For providers that are already delivering the affected apprenticeships, funding will cease on December 17, 2026, the letters added.
Until then, new starts will be capped. Each letter seen by FE Week so far shows the limit will be set at 75 per cent of the volume each provider delivered in 2024-25 for every standard being withdrawn.
It is unclear whether the DWP will introduce different transition arrangements – such as alternative defunding dates or cap levels – for individual providers.
The department said the caps are intended to ensure removing the standards “deliver the savings needed to invest in new opportunities elsewhere in the programme, whilst still allowing a reasonable level of delivery so that providers can manage the transition and make orderly arrangements”.
It added that start limits will be set in a proportionate way to a providers recent delivery on each of the standards being withdrawn to ensure a “fair and consistent approach across all providers and prevents the surge in recruitment that has occurred previously when standards were announced for withdrawal without controls”.
The move follows a surge in level 7 apprenticeship starts in the months before funding was withdrawn for those aged 22 and over, which added further pressure to England’s already stretched apprenticeships budget.
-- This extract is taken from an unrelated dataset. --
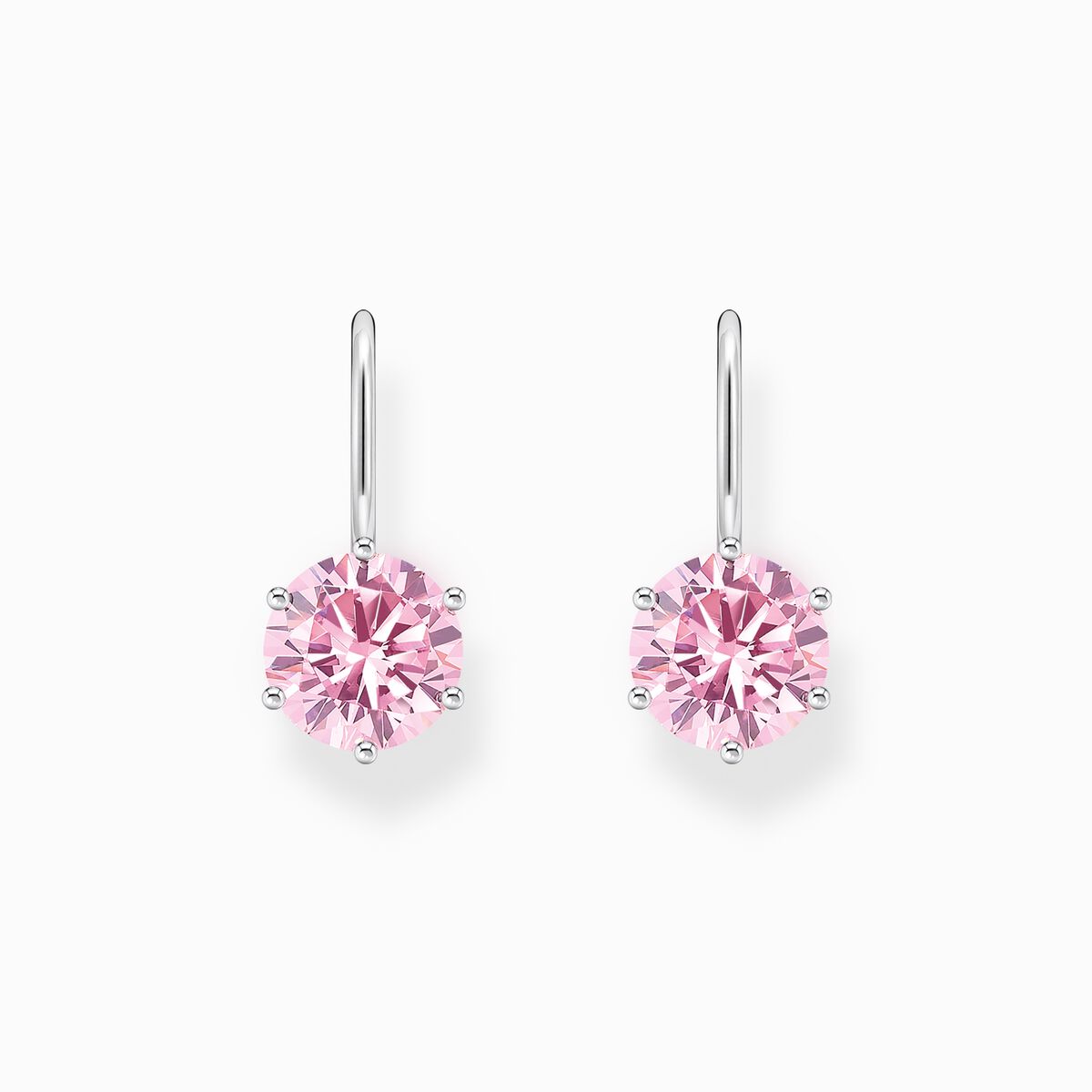 Silver earrings with pink zirconia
Jill Whittaker, co-founder of HIT Training that forms part of The Opportunity Provider, said it was “refreshing to see” the government has recognised and learned from the “mistakes” of level 7 by applying a cap to the apprenticeships earmarked for defunding.
“I think it makes sense. It means a few challenging conversations with clients that have 12-month plans, but nothing we can’t work through,” she added.
The DWP stressed the restrictions apply only to new starts, with no change for existing apprentices.
“All learners already on programme must continue to be supported through to completion, and funding will remain available for this,” the department added.
DWP confirmed that this means if a provider has a 75 per cent starts cap on a standard, they start from 0 from today and can take on 75 per cent of their total starts from 2024-25 up until funding is switched off.